I’ve just realized that a few days after I started Graceful Exit on July, my node was disqualified on Saltlake satellite and I don’t know why. Anyone could help me?
Besides, I would like to finalize the Graceful Exit as soon as possible and, apart of that satellite, it’s pending for europe-north-1 one. Anyone knows why it’s still pending?
So the reason is likely that your node has failed more than 10% of transfers.
As @Stob suggested, you need to search for transfer errors and errors like “file not found” (search for “graceful”/“piecetransfer” and “ERROR”/“failed”).
To calculate a number of failed transfers you need to filter logs by “piecetransfer” and group them by PieceID and “ERROR”/“transferred”. Please note - the node will attempt to transfer each piece at least 5 times before it will be considered as a failed transfer, so you need to calculate only failed transfers which have 5 attempts for the same PieceID.
You may also give me a NodeID and I can provide you with exact numbers, however I cannot provide a reason - it’s stated only in your logs.
Thanks, @Alexey, for your answer, as well. Since, I’m not an expert, here you have the NodeID: 12oV5bdzCtFrxTequKDkkTBjH8Pd4Cf62sEfDNBPAJUUDuTT5zo. With the information you provide me, I’ll try to search for on logs.
In any case, it’s clear for me I’ve lost the held amount in that satellite. Well, it’s a pity!
It’s transferred 10,820 pieces and failed to transfer 2,235 pieces, pretty high fail rate I would say. Either your node has corrupted data, or your connection was terrible bad.
For example, for US1 it’s transferred 494,039 pieces and 0 failed.
Thanks for info. The problem was with my connection. I’ve suffering issues when my telco provider changed my public IP. Thanks for the support. Cheers!
I’m facing the same issue on a small node (ID: 1G7CA8T8NwUYLibFqR85TUpXEXKKbwFDLz93srFMPgRDpcvzFj) that I’m currently graceful-exiting: It got disqualified a few days ago on Saltlake:
Disqualification during Graceful Exit is happened because your node is failed to transfer more than 10% of pieces (each transfer takes 5 attempts to transfer a piece to different nodes before considered as failed).
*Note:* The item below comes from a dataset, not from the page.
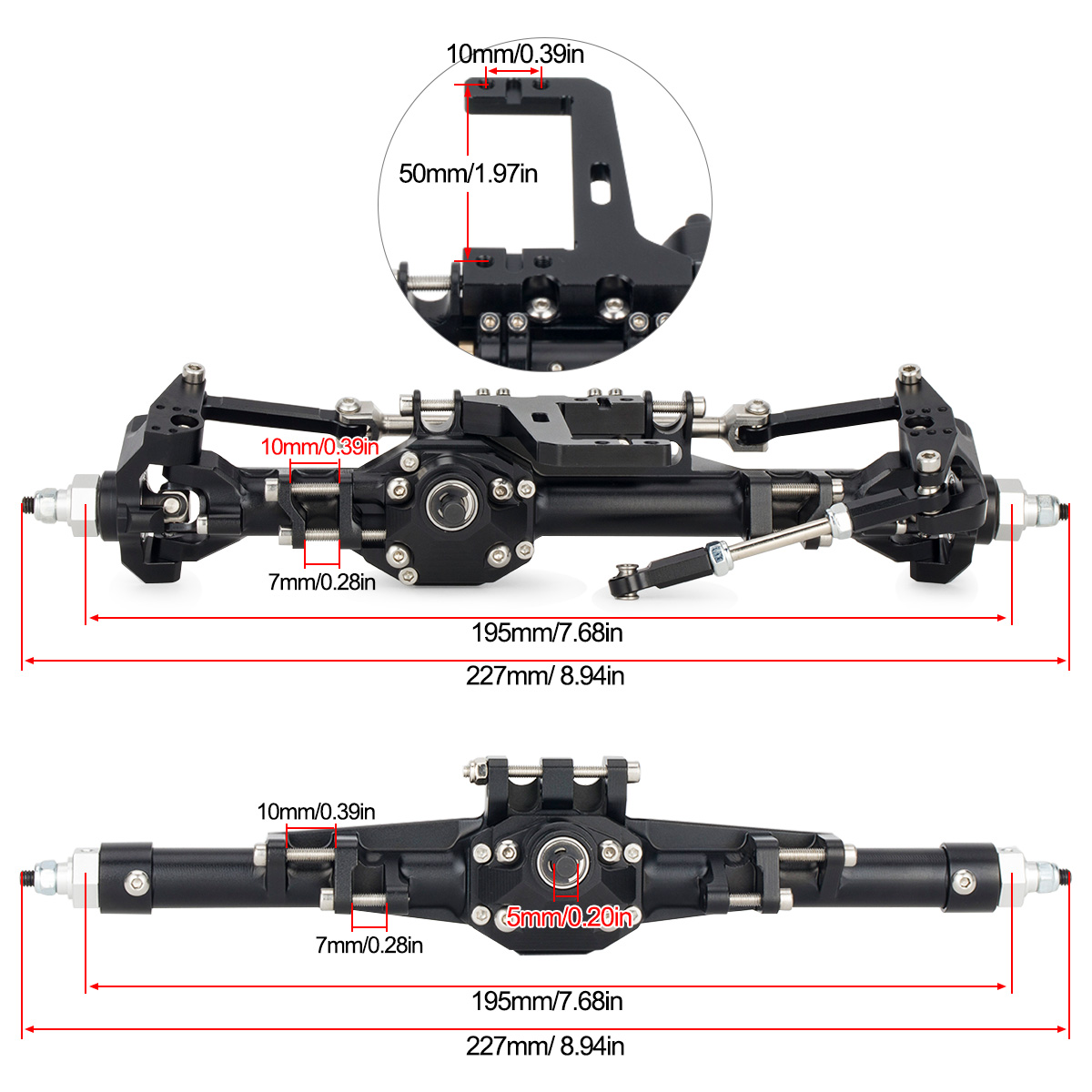 CNC aluminium voor achter rech - Rc Crawler Axle Parts recensie en prijs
it’s not deployed yet, it should be deployed soon:
These are communication errors, so likely your router wasn’t able to handle a lot of parallel transfers.
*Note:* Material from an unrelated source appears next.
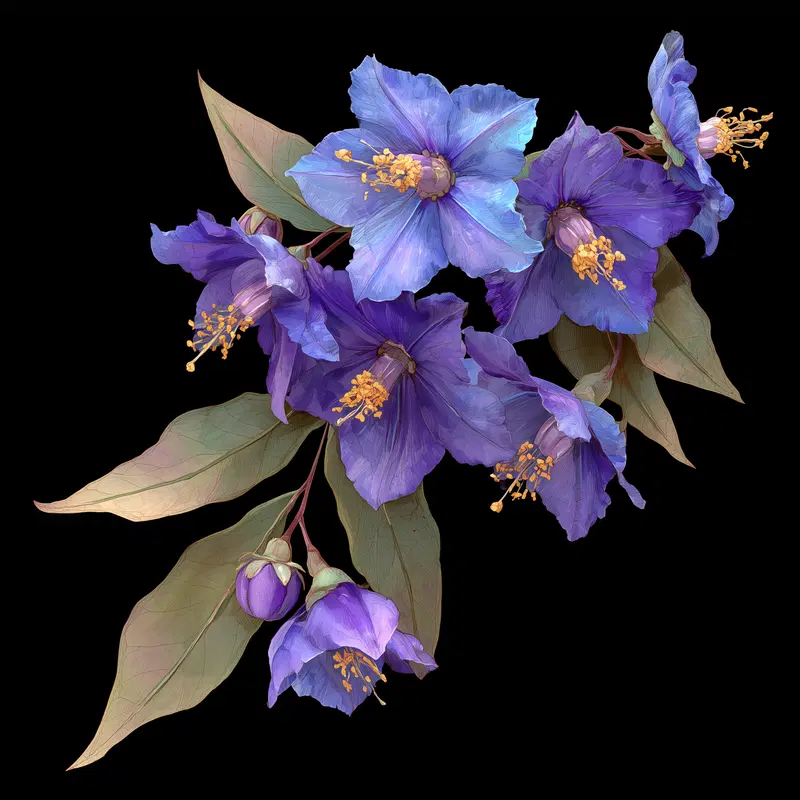 Delicate purple and blue flowers with green leaves on black background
This is another reason why we want to change the complicated Graceful Exit.
Another node got disqualified this morning which feels unfair if it’s because my router can’t handle the load… Especially as I’m trying to help the network here by gracefully exiting. Is there anything I can do to slow down those transfers and stop nodes that are exiting from being disqualified?
I guess changing these parameters:
# number of concurrent transfers per graceful exit worker
# graceful-exit.num-concurrent-transfers: 5
# number of workers to handle satellite exits
# graceful-exit.num-workers: 4
Thanks for your unfailing help, as always @Alexey.
Tried with 2 and 2. Still had quite a lot of errors.
I’m now down to 1 and 1, and although logs look better than with default values, there are still many errors. RaspbianOS is pretty chill right now (load average: 0.36, 0.26, 0.28 and an average constant upload of 2MiB/s). I don’t know what else I can do…
This graceful-exit mechanism seems pretty unreliable, I’m glad we’re moving to the shiny new one soon!
Too bad I misunderstood that it wasn’t live yet… that’s my bad.